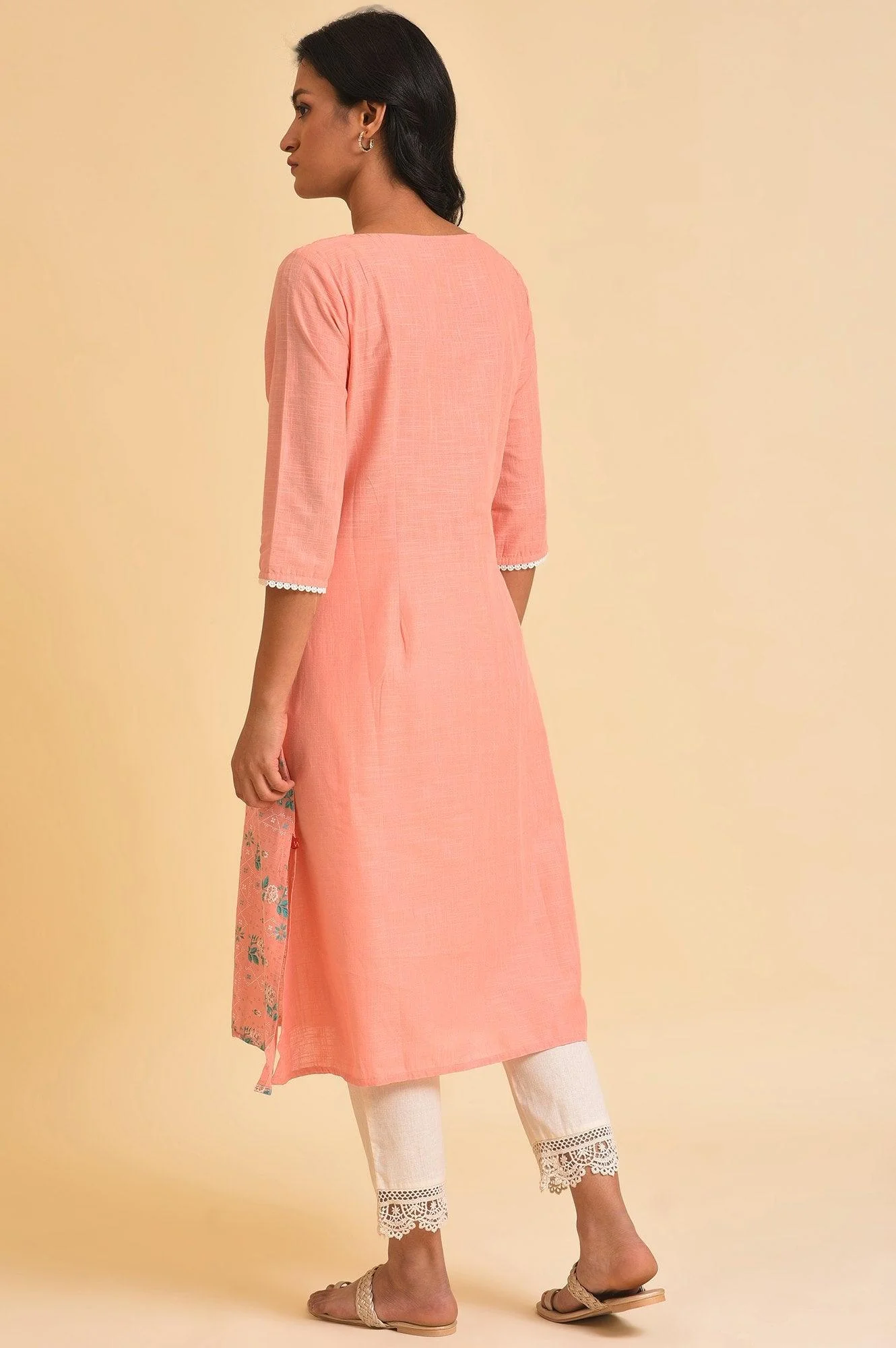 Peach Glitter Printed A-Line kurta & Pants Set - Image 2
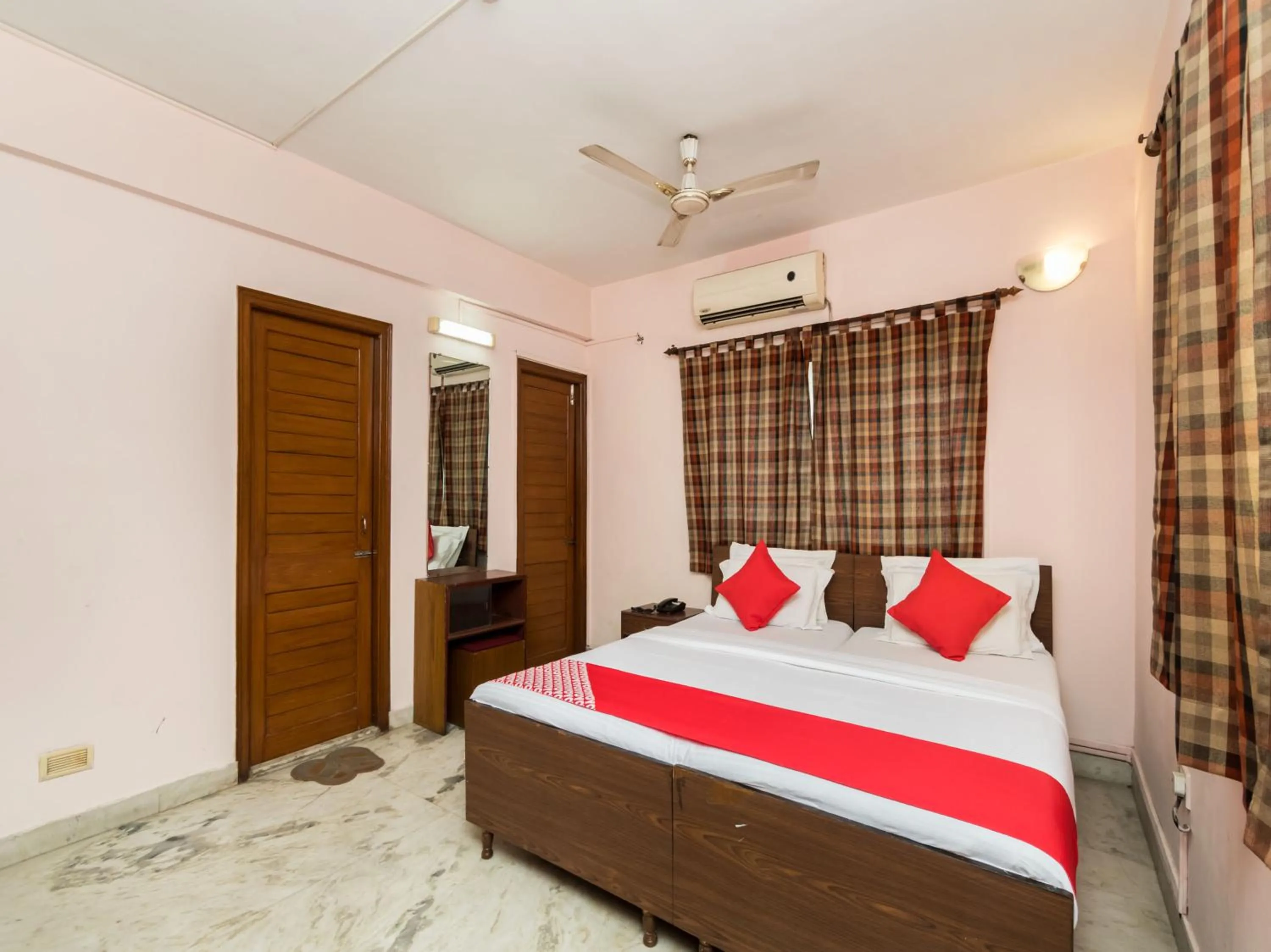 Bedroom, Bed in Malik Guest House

= = = = = = =

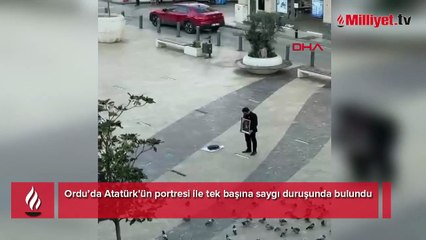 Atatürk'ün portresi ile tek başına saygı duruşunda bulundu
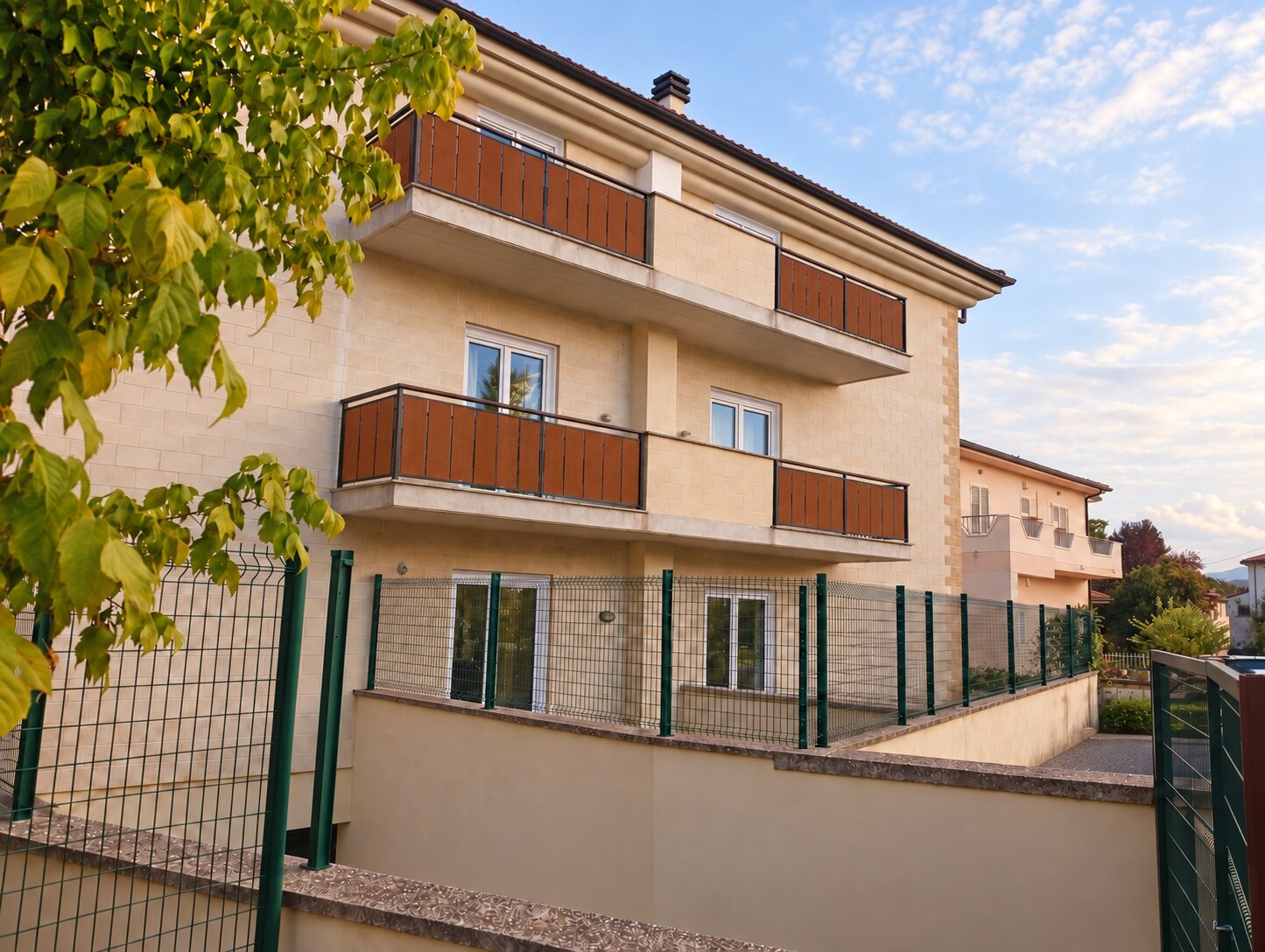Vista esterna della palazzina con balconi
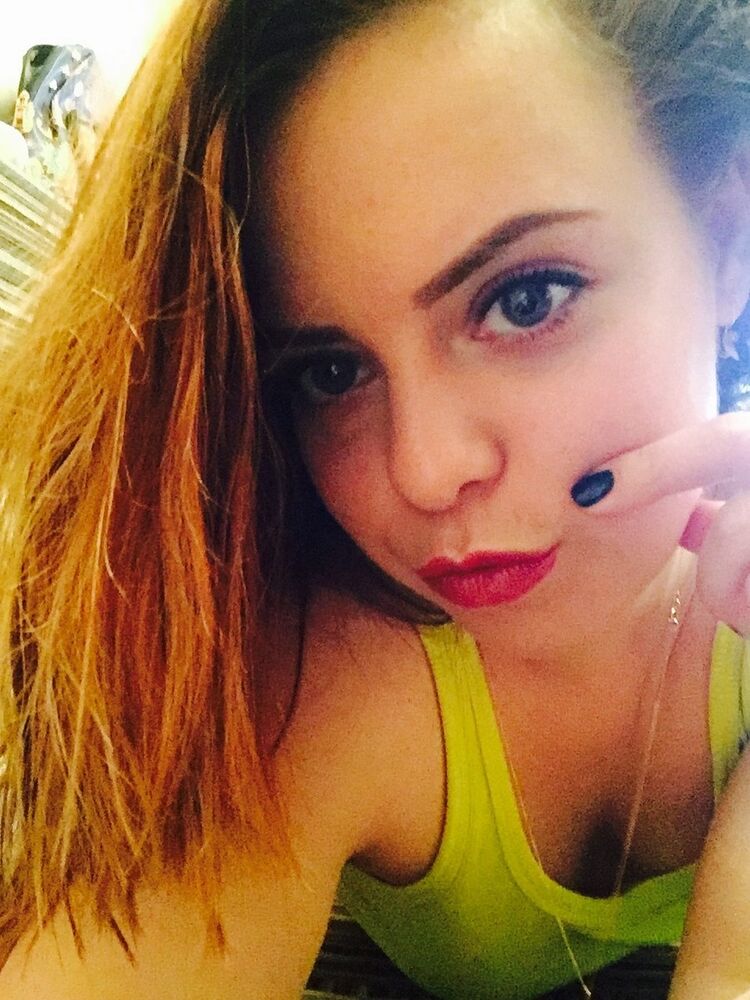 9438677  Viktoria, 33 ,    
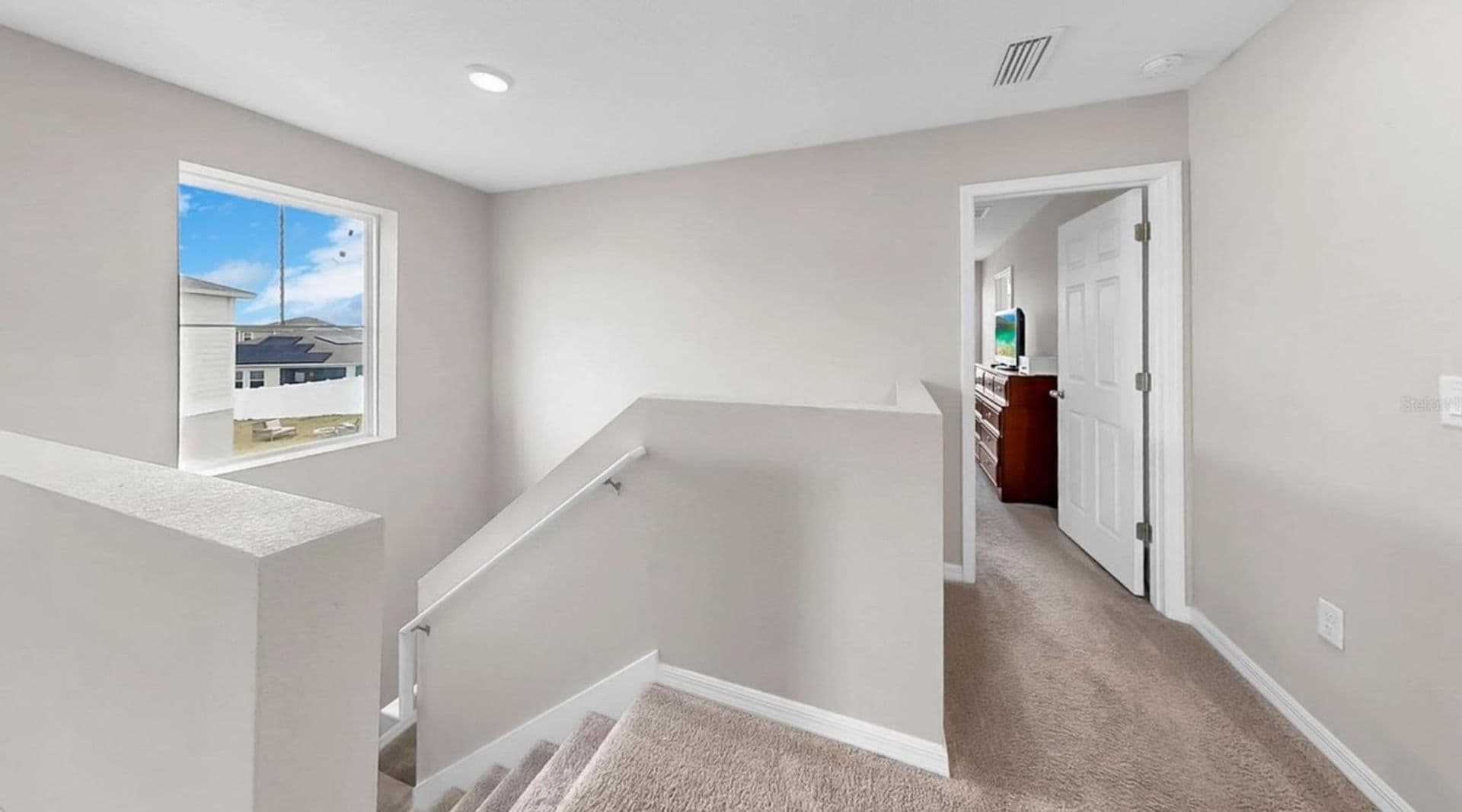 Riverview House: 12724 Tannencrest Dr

= = = = = = =

• [YOUR ASSIGNMENT]: Give back the exact lines above, running from the one that has "Vista esterna della palazzina con balconi" through the one that has "Riverview House: 12724 Tannencrest Dr", with nothing added and no pictures.

• [WORKED SOLUTION]:
Vista esterna della palazzina con balconi
 9438677  Viktoria, 33 ,    
 Riverview House: 12724 Tannencrest Dr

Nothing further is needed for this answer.